▸ **YOUR ASSIGNMENT**: Look through the entries below and extract exactly the lines from the one containing "view of front" through the one containing "Decorative Spanish tile", ends included.

======== INPUT DATA

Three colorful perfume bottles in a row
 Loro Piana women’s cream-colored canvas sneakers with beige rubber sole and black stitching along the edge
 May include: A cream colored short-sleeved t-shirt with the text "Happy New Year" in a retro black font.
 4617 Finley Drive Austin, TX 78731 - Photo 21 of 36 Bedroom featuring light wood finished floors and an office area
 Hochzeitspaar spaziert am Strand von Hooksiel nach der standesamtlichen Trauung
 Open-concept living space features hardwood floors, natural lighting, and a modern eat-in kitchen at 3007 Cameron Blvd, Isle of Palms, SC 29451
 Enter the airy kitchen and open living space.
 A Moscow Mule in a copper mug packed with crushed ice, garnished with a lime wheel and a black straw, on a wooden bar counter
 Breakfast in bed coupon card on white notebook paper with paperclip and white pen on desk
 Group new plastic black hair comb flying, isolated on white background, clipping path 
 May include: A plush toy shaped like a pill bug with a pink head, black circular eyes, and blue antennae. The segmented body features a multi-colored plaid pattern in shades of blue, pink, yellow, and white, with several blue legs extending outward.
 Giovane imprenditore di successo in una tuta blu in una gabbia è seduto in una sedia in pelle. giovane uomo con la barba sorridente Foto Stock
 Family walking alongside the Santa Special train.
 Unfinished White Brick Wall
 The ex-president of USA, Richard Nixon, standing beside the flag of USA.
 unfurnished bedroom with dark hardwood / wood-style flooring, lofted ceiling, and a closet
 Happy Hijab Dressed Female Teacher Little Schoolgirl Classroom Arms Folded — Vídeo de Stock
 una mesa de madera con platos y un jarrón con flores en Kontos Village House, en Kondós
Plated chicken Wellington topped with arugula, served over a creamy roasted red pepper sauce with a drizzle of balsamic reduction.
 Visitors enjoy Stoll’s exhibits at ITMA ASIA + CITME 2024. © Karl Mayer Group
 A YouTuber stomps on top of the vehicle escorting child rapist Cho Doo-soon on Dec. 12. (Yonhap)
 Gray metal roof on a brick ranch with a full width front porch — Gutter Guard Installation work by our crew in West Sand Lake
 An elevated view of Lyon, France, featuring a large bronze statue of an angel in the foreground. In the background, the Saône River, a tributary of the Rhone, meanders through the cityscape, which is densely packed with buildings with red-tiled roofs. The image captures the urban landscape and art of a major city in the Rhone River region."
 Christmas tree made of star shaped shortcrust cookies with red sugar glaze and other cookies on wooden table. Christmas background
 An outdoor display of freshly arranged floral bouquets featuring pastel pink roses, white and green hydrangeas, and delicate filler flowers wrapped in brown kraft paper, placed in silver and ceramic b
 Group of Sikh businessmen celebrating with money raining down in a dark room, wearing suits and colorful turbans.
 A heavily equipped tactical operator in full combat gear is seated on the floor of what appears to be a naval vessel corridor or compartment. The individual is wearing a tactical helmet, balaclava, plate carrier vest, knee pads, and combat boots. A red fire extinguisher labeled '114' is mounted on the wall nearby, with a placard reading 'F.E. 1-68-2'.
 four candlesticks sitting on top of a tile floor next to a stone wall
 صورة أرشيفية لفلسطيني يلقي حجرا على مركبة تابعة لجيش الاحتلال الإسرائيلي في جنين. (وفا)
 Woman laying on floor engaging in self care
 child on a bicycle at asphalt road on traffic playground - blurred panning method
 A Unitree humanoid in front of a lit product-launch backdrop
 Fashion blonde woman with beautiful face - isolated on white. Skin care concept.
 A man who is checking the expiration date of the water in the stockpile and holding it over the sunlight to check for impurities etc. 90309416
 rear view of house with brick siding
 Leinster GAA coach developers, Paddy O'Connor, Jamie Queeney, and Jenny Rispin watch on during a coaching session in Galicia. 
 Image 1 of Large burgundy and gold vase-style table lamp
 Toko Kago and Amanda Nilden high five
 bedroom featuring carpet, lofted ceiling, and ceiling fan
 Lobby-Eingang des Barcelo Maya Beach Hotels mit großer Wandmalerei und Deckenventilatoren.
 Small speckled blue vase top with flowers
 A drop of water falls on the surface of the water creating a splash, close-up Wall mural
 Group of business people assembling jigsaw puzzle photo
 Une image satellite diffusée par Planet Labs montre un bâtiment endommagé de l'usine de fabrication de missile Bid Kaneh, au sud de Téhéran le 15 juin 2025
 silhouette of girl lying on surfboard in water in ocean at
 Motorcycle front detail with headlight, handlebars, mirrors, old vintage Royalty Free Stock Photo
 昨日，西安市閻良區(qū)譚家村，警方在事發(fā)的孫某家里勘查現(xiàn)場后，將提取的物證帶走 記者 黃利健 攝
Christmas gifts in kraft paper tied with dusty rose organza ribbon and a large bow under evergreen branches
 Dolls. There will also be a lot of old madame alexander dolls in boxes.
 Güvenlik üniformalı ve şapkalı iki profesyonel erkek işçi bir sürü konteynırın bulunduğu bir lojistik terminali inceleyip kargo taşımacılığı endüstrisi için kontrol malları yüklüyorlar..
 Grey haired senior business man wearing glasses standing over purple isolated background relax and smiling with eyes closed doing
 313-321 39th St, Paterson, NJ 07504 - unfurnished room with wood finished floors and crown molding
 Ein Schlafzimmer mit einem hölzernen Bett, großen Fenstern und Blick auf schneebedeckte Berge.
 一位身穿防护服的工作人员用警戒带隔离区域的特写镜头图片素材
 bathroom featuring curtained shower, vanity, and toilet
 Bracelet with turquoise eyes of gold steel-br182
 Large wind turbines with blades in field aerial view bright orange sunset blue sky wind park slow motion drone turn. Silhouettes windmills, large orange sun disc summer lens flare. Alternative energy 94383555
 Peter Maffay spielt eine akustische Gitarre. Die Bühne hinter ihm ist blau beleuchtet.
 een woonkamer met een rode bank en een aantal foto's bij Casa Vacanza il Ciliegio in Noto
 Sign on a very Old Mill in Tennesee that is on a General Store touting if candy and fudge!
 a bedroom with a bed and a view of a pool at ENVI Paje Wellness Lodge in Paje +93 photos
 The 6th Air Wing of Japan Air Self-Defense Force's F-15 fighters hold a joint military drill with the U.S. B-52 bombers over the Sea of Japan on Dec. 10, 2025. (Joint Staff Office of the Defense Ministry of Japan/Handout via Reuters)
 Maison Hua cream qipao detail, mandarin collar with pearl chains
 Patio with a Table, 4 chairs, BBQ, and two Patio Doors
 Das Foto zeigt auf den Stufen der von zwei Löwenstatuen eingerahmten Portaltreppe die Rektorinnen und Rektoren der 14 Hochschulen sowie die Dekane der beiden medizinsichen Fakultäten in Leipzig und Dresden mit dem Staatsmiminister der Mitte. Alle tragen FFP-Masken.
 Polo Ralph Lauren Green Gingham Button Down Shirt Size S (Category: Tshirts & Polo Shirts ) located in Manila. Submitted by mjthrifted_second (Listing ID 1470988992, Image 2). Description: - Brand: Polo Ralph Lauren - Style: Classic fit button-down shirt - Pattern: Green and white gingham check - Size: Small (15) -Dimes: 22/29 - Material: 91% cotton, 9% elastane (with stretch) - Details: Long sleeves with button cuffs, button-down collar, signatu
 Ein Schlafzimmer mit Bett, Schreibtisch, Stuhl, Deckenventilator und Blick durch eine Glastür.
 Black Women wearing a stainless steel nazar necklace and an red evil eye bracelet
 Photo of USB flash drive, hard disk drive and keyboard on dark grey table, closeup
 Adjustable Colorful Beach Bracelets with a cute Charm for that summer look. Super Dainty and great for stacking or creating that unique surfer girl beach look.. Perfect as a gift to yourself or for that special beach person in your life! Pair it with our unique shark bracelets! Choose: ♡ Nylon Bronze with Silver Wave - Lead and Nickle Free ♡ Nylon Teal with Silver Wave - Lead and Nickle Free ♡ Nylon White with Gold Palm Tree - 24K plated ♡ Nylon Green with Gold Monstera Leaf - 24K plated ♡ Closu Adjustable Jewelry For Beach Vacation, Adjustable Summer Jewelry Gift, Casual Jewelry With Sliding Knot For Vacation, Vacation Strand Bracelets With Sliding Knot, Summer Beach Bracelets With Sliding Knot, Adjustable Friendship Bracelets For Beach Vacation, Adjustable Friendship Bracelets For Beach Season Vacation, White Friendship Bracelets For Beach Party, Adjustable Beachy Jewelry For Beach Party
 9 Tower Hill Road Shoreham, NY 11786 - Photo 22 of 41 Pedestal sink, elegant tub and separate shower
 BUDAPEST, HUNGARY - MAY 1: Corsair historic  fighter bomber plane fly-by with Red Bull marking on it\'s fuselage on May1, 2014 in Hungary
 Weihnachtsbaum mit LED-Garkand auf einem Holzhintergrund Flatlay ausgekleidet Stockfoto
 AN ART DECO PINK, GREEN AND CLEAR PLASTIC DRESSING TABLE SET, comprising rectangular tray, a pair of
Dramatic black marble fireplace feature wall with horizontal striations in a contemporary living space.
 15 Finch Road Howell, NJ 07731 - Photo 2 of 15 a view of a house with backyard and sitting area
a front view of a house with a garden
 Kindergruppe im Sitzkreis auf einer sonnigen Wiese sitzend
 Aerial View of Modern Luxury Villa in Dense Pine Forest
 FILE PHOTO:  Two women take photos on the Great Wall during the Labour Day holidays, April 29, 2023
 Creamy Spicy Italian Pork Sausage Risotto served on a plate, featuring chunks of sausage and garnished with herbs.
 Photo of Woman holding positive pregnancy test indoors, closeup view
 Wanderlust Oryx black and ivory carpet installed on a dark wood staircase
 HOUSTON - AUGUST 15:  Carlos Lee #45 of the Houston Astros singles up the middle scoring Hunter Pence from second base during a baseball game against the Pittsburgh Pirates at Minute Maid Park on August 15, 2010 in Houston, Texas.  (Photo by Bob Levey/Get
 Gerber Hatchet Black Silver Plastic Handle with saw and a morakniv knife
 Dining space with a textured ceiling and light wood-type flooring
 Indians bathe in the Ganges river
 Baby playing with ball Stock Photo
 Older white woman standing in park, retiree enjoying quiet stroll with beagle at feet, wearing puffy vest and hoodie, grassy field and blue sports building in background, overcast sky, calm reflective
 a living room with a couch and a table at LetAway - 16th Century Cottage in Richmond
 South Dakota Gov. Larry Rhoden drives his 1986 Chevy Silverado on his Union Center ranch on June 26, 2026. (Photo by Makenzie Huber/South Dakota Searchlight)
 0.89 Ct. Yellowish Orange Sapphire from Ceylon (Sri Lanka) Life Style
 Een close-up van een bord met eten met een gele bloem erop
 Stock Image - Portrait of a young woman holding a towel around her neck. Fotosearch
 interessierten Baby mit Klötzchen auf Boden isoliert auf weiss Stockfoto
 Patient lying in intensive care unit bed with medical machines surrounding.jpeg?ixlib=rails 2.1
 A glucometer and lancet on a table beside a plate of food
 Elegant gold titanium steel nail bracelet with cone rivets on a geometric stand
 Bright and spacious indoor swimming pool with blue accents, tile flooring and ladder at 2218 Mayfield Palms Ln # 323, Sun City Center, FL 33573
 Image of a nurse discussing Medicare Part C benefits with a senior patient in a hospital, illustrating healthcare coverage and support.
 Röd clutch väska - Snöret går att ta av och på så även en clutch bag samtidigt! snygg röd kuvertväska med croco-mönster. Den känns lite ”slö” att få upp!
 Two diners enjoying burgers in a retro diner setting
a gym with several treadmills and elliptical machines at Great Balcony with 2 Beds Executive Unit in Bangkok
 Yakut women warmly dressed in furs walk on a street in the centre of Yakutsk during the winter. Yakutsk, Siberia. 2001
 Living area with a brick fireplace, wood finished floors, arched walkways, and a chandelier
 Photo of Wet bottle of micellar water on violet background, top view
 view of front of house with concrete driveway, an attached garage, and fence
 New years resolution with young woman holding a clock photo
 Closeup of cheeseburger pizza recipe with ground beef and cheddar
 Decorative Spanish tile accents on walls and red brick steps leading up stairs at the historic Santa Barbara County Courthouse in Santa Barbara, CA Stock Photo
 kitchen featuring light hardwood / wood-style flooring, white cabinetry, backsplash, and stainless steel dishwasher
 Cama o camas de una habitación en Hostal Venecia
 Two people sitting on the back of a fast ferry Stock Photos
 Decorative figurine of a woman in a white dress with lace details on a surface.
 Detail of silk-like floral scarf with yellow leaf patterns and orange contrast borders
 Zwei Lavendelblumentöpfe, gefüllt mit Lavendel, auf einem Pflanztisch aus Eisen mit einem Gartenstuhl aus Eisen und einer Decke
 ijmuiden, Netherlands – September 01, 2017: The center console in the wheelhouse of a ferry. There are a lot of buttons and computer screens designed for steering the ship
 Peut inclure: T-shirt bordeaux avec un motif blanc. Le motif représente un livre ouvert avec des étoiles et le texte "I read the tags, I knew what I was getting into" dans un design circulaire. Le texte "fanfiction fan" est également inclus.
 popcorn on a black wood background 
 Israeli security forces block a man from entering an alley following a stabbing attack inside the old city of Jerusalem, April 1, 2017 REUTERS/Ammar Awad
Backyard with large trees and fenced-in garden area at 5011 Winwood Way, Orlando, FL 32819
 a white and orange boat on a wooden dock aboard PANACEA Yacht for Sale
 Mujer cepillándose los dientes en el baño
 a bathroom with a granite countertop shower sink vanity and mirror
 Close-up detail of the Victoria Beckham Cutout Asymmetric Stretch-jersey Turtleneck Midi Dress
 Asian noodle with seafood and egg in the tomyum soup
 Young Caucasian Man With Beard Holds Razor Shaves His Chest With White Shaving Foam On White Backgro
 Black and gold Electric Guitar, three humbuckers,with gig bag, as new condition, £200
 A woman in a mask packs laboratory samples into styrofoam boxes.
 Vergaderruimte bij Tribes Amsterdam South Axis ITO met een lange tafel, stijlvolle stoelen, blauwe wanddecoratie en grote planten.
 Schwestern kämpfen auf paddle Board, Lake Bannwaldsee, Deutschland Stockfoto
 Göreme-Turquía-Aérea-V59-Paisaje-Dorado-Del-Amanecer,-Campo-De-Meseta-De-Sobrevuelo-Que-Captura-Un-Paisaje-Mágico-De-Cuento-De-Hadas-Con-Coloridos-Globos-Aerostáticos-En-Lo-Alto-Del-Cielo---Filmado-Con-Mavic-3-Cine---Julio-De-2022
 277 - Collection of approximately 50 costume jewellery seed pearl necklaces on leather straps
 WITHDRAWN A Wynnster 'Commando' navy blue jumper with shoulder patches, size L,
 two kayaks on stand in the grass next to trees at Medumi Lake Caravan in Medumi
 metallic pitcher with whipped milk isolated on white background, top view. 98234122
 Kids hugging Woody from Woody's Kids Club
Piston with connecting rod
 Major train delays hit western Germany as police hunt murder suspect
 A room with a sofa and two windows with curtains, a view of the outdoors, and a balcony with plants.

================

▸ **EXERCISE RESPONSE**:
 view of front of house with concrete driveway, an attached garage, and fence
 New years resolution with young woman holding a clock photo
 Closeup of cheeseburger pizza recipe with ground beef and cheddar
 Decorative Spanish tile accents on walls and red brick steps leading up stairs at the historic Santa Barbara County Courthouse in Santa Barbara, CA Stock Photo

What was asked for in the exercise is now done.